Well, my wife prevailed upon me to see The Constant Gardener this weekend. How can I say this gently: Don’t waste your money. A new tuberculosis strain is wreaking havoc across Africa, you see, and a corrupt pharmaceutical firm has developed an effective treatment that, sadly, has the unfortunate side effect of killing many of those taking the drug. We know this because UN aid workers in Kenya, using only the most rigorous of statistical analytic tools, say so. And so the poor Africans killed by this drug are secretly buried in lime pits, while the official records of their lives are expunged. Only Soviet-style airbrushing of photos failed to have been included. Meanwhile, the starlet—-Ms. Rachel Weisz, aka Tessa Quayle in the film—-learns that the evil pharmaceutical firm, aided by some corrupt British officials, is covering up the obvious evidence of the drug’s deadly effects because fixing the formula would cost millions and take considerable time during which the firm’s competitors could create their own effective drugs that would not kill people, thus cutting into the corrupt firm’s profits, etc., etc. And this perfidy makes sense because the epidemic is likely to spread worldwide, creating a large demand for the drug, and suppression of the deadly side effects will guarantee a huge market in Asia and the West. It’s all about the money, you see.
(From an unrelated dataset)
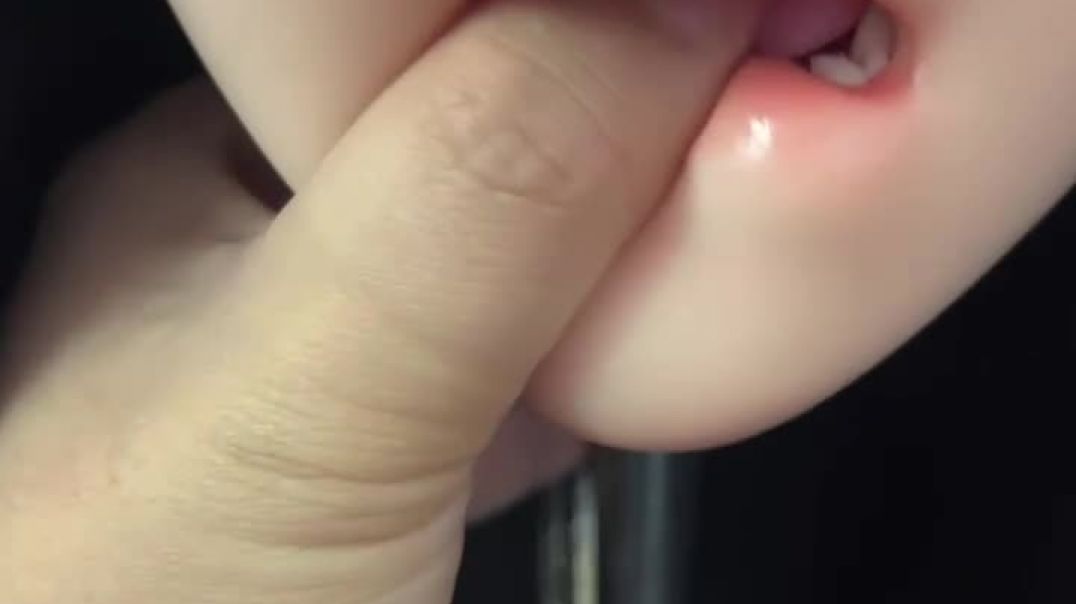 ⁣ROS mouth video C (3)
Got that? Anyway, the evil pharmaceutical firm through its allies in Kenya arranges for the murder of the fair Tessa and her ally, a Kenyan doctor both humanitarian and seemingly the only man in the country both unpoor and uncorrupt, before they can expose the plot. After all, that is not the kind of direct-to-consumer advertising that sells medicine. And so Tessa’s loving husband Justin picks up the torch, exposes the evildoers for what they are, and then allows himself to be murdered by the same nefarious forces so that he can be together again with his beloved Tessa in heaven. Who says that Hollywood is not religious?
Well, if Big Pharma is motivated only by money, why would they expose themselves so crudely to the plaintiff’s bar in the West? After all, people would start dying in the West also; can we even imagine the sums that the juries would award in such cases? And would the FDA and the other regulatory agencies in Europe simply accept the results of such African “clinical trials?” And what about the brand name capital of the offending pharmaceutical firm? Does it not have a profit motive to protect it by marketing only drugs the benefits of which justify the downside risks?
This flick is so silly—-so Michael Moore-like in its excess and mendacity—-that the pharmaceutical industry has little to fear from it in terms of adverse p.r. It’s good thing, as Martha might put it, when those out to destroy capitalism prove themselves so crude.